Siding against Facebook parent Meta Platforms, the industry group Digital Content Next says advertisers should be allowed to proceed with a class-action fraud lawsuit over allegedly inflated ad metrics.
“Facebook’s potential reach metric is a fundamental metric that is material to every advertising purchase and its inflation distorts advertising markets to the detriment of advertisers and publishers,” the group writes in a friend-of-the-court brief filed late last week with the 9th Circuit Court of Appeals.
Digital Content Next adds that a class-action lawsuit by advertisers will “allow the full and transparent adjudication of these important issues.”
The group's papers come in a battle dating to August 2018, when business owner Danielle Singer alleged in a class-action complaint that Facebook induced advertisers to purchase more ads, and pay more for them, by overstating the number of users who might see the ads.
Singer later dropped out of the litigation, and DZ Reserve, which operated an e-commerce store, and Max Martialis, which sold weapons accessories, took over as lead plaintiffs.)
The complaint drew on reports by outside groups, including the Video Advertising Bureau, which said in 2017 that Facebook's estimates of audience reach in every U.S. state were higher than the states' populations.
Facebook urged U.S. District Court Judge James Donato in San Francisco to deny class-action status to the advertisers, arguing that they don't have enough in common with each other to warrant class-action status.
Donato sided against Facebook, ruling that the advertisers could proceed on behalf of all U.S. advertisers who used Facebook's Ad Manager or Power Editor to purchase ads on Facebook or Instagram after August 15, 2014.

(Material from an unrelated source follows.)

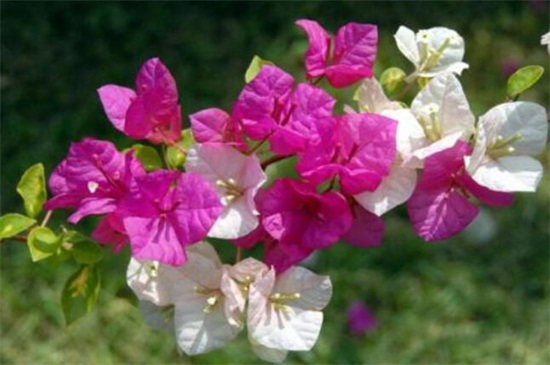 双色茉莉叶子发黄解决办法,提高光照并更換盆土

Meta recently urged the 9th Circuit to reverse that decision, arguing that the class certified by Donato covers millions of differently situated advertisers, ranging from “sole proprietors to multinational corporations to governments.”
The company added that advertisers “viewed different disclosures, had different objectives, and had access to vastly different information and context for the estimates they saw.”
Meta also said the degree of alleged inflation varied, arguing that the advertisers' experts said the rate ranged from 10% to 50%, while its expert said the rate was “de minimus” for targeted campaigns.
“That variance in the statements that the class members viewed should have precluded certification,” Meta writes.
If the 9th Circuit sides with Meta and rules that class-action status isn't appropriate, the advertisers could still proceed individually, but doing so is often prohibitively expensive.
DZ Reserve and Max Martialis are expected to file papers with the 9th Circuit next month.